ACTIVITY: Return the entries in full, exactly as they were written.

** Opening INPUT DATA block **

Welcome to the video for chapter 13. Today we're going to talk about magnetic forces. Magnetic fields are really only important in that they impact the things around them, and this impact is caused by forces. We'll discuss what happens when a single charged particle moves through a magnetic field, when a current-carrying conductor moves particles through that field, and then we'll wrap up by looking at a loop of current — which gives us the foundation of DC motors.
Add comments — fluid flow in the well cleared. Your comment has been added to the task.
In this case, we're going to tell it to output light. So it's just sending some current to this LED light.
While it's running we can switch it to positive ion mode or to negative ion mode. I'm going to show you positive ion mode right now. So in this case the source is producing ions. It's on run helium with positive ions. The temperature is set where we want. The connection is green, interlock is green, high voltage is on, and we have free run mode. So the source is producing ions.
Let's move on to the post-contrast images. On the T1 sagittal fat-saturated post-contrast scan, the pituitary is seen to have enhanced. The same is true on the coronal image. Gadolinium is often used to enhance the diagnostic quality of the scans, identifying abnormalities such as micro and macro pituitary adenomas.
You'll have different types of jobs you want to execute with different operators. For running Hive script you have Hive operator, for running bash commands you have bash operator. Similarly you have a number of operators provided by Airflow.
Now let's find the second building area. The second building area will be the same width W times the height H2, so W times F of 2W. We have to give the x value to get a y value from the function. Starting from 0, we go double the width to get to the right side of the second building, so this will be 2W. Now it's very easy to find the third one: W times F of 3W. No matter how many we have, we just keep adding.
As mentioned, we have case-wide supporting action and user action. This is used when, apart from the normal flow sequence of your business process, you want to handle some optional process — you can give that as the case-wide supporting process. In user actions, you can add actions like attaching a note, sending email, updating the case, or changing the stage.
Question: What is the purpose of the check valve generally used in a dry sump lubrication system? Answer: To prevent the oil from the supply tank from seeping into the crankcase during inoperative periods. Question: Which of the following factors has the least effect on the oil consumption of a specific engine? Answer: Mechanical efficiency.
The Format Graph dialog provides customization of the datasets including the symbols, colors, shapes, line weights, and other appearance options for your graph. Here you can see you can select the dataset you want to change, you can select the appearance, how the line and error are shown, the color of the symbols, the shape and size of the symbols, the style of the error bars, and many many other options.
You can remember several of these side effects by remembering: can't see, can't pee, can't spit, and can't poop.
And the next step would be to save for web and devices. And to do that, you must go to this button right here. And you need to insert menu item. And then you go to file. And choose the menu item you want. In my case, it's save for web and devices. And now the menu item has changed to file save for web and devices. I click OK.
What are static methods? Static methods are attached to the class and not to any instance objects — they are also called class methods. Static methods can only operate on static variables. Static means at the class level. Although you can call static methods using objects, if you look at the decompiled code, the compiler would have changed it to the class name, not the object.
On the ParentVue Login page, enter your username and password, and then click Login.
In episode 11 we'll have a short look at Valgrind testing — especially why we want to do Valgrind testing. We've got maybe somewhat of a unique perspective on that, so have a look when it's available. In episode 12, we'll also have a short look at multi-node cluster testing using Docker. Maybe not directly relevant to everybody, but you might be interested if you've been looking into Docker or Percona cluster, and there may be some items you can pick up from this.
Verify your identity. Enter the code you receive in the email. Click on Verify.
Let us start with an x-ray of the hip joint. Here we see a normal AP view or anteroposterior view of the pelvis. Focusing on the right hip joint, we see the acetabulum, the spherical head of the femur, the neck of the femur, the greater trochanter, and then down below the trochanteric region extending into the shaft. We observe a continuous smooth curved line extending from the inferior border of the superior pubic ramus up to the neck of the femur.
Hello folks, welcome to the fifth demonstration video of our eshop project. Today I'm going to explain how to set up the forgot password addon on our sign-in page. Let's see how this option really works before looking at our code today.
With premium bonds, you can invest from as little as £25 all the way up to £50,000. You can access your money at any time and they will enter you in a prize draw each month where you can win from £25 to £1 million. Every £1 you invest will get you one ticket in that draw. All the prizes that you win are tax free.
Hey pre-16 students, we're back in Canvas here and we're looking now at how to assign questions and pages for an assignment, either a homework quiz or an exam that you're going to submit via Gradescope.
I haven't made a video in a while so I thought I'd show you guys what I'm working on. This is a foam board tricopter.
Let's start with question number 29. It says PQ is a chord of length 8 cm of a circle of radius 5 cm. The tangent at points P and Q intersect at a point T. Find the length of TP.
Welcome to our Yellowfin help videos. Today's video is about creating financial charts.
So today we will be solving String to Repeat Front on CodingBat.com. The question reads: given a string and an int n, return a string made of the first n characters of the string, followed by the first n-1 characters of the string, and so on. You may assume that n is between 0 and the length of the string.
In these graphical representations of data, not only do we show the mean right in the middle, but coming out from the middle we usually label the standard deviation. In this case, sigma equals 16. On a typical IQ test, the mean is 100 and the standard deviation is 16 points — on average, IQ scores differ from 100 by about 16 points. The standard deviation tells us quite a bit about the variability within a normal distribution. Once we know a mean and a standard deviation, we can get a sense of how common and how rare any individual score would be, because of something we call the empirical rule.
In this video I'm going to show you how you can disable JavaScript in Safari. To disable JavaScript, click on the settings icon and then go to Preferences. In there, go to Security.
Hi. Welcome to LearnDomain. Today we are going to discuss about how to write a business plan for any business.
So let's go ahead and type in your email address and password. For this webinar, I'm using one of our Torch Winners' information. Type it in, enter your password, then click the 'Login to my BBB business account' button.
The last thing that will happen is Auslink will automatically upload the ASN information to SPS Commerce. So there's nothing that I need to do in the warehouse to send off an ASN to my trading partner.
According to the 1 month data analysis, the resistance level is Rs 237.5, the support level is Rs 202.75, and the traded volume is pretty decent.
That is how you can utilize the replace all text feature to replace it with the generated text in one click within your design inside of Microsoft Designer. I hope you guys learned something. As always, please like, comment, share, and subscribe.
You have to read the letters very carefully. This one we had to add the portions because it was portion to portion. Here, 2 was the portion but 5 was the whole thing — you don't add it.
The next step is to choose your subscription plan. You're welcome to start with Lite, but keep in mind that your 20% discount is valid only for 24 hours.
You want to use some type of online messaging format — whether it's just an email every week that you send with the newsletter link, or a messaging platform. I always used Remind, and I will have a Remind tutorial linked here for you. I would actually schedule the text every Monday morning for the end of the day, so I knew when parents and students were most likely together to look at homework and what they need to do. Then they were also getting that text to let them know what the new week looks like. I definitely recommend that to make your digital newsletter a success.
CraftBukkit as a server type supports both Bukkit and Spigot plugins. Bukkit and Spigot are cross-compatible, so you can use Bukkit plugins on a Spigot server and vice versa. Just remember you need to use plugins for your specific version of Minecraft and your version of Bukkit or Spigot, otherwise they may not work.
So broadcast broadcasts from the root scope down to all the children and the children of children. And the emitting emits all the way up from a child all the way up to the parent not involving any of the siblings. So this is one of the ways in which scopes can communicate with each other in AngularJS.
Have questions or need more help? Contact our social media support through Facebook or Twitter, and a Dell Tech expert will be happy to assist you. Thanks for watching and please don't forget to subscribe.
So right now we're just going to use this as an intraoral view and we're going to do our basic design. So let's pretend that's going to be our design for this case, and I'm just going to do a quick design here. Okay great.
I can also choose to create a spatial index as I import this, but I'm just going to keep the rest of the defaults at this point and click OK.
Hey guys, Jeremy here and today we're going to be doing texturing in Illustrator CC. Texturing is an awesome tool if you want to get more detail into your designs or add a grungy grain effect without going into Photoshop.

** Closing INPUT DATA block **

SOLUTION BELOW:
Welcome to the video for chapter 13. Today we're going to talk about magnetic forces. Magnetic fields are really only important in that they impact the things around them, and this impact is caused by forces. We'll discuss what happens when a single charged particle moves through a magnetic field, when a current-carrying conductor moves particles through that field, and then we'll wrap up by looking at a loop of current — which gives us the foundation of DC motors.
Add comments — fluid flow in the well cleared. Your comment has been added to the task.
In this case, we're going to tell it to output light. So it's just sending some current to this LED light.
While it's running we can switch it to positive ion mode or to negative ion mode. I'm going to show you positive ion mode right now. So in this case the source is producing ions. It's on run helium with positive ions. The temperature is set where we want. The connection is green, interlock is green, high voltage is on, and we have free run mode. So the source is producing ions.
Let's move on to the post-contrast images. On the T1 sagittal fat-saturated post-contrast scan, the pituitary is seen to have enhanced. The same is true on the coronal image. Gadolinium is often used to enhance the diagnostic quality of the scans, identifying abnormalities such as micro and macro pituitary adenomas.
You'll have different types of jobs you want to execute with different operators. For running Hive script you have Hive operator, for running bash commands you have bash operator. Similarly you have a number of operators provided by Airflow.
Now let's find the second building area. The second building area will be the same width W times the height H2, so W times F of 2W. We have to give the x value to get a y value from the function. Starting from 0, we go double the width to get to the right side of the second building, so this will be 2W. Now it's very easy to find the third one: W times F of 3W. No matter how many we have, we just keep adding.
As mentioned, we have case-wide supporting action and user action. This is used when, apart from the normal flow sequence of your business process, you want to handle some optional process — you can give that as the case-wide supporting process. In user actions, you can add actions like attaching a note, sending email, updating the case, or changing the stage.
Question: What is the purpose of the check valve generally used in a dry sump lubrication system? Answer: To prevent the oil from the supply tank from seeping into the crankcase during inoperative periods. Question: Which of the following factors has the least effect on the oil consumption of a specific engine? Answer: Mechanical efficiency.
The Format Graph dialog provides customization of the datasets including the symbols, colors, shapes, line weights, and other appearance options for your graph. Here you can see you can select the dataset you want to change, you can select the appearance, how the line and error are shown, the color of the symbols, the shape and size of the symbols, the style of the error bars, and many many other options.
You can remember several of these side effects by remembering: can't see, can't pee, can't spit, and can't poop.
And the next step would be to save for web and devices. And to do that, you must go to this button right here. And you need to insert menu item. And then you go to file. And choose the menu item you want. In my case, it's save for web and devices. And now the menu item has changed to file save for web and devices. I click OK.
What are static methods? Static methods are attached to the class and not to any instance objects — they are also called class methods. Static methods can only operate on static variables. Static means at the class level. Although you can call static methods using objects, if you look at the decompiled code, the compiler would have changed it to the class name, not the object.
On the ParentVue Login page, enter your username and password, and then click Login.
In episode 11 we'll have a short look at Valgrind testing — especially why we want to do Valgrind testing. We've got maybe somewhat of a unique perspective on that, so have a look when it's available. In episode 12, we'll also have a short look at multi-node cluster testing using Docker. Maybe not directly relevant to everybody, but you might be interested if you've been looking into Docker or Percona cluster, and there may be some items you can pick up from this.
Verify your identity. Enter the code you receive in the email. Click on Verify.
Let us start with an x-ray of the hip joint. Here we see a normal AP view or anteroposterior view of the pelvis. Focusing on the right hip joint, we see the acetabulum, the spherical head of the femur, the neck of the femur, the greater trochanter, and then down below the trochanteric region extending into the shaft. We observe a continuous smooth curved line extending from the inferior border of the superior pubic ramus up to the neck of the femur.
Hello folks, welcome to the fifth demonstration video of our eshop project. Today I'm going to explain how to set up the forgot password addon on our sign-in page. Let's see how this option really works before looking at our code today.
With premium bonds, you can invest from as little as £25 all the way up to £50,000. You can access your money at any time and they will enter you in a prize draw each month where you can win from £25 to £1 million. Every £1 you invest will get you one ticket in that draw. All the prizes that you win are tax free.
Hey pre-16 students, we're back in Canvas here and we're looking now at how to assign questions and pages for an assignment, either a homework quiz or an exam that you're going to submit via Gradescope.
I haven't made a video in a while so I thought I'd show you guys what I'm working on. This is a foam board tricopter.
Let's start with question number 29. It says PQ is a chord of length 8 cm of a circle of radius 5 cm. The tangent at points P and Q intersect at a point T. Find the length of TP.
Welcome to our Yellowfin help videos. Today's video is about creating financial charts.
So today we will be solving String to Repeat Front on CodingBat.com. The question reads: given a string and an int n, return a string made of the first n characters of the string, followed by the first n-1 characters of the string, and so on. You may assume that n is between 0 and the length of the string.
In these graphical representations of data, not only do we show the mean right in the middle, but coming out from the middle we usually label the standard deviation. In this case, sigma equals 16. On a typical IQ test, the mean is 100 and the standard deviation is 16 points — on average, IQ scores differ from 100 by about 16 points. The standard deviation tells us quite a bit about the variability within a normal distribution. Once we know a mean and a standard deviation, we can get a sense of how common and how rare any individual score would be, because of something we call the empirical rule.
In this video I'm going to show you how you can disable JavaScript in Safari. To disable JavaScript, click on the settings icon and then go to Preferences. In there, go to Security.
Hi. Welcome to LearnDomain. Today we are going to discuss about how to write a business plan for any business.
So let's go ahead and type in your email address and password. For this webinar, I'm using one of our Torch Winners' information. Type it in, enter your password, then click the 'Login to my BBB business account' button.
The last thing that will happen is Auslink will automatically upload the ASN information to SPS Commerce. So there's nothing that I need to do in the warehouse to send off an ASN to my trading partner.
According to the 1 month data analysis, the resistance level is Rs 237.5, the support level is Rs 202.75, and the traded volume is pretty decent.
That is how you can utilize the replace all text feature to replace it with the generated text in one click within your design inside of Microsoft Designer. I hope you guys learned something. As always, please like, comment, share, and subscribe.
You have to read the letters very carefully. This one we had to add the portions because it was portion to portion. Here, 2 was the portion but 5 was the whole thing — you don't add it.
The next step is to choose your subscription plan. You're welcome to start with Lite, but keep in mind that your 20% discount is valid only for 24 hours.
You want to use some type of online messaging format — whether it's just an email every week that you send with the newsletter link, or a messaging platform. I always used Remind, and I will have a Remind tutorial linked here for you. I would actually schedule the text every Monday morning for the end of the day, so I knew when parents and students were most likely together to look at homework and what they need to do. Then they were also getting that text to let them know what the new week looks like. I definitely recommend that to make your digital newsletter a success.
CraftBukkit as a server type supports both Bukkit and Spigot plugins. Bukkit and Spigot are cross-compatible, so you can use Bukkit plugins on a Spigot server and vice versa. Just remember you need to use plugins for your specific version of Minecraft and your version of Bukkit or Spigot, otherwise they may not work.
So broadcast broadcasts from the root scope down to all the children and the children of children. And the emitting emits all the way up from a child all the way up to the parent not involving any of the siblings. So this is one of the ways in which scopes can communicate with each other in AngularJS.
Have questions or need more help? Contact our social media support through Facebook or Twitter, and a Dell Tech expert will be happy to assist you. Thanks for watching and please don't forget to subscribe.
So right now we're just going to use this as an intraoral view and we're going to do our basic design. So let's pretend that's going to be our design for this case, and I'm just going to do a quick design here. Okay great.
I can also choose to create a spatial index as I import this, but I'm just going to keep the rest of the defaults at this point and click OK.
Hey guys, Jeremy here and today we're going to be doing texturing in Illustrator CC. Texturing is an awesome tool if you want to get more detail into your designs or add a grungy grain effect without going into Photoshop.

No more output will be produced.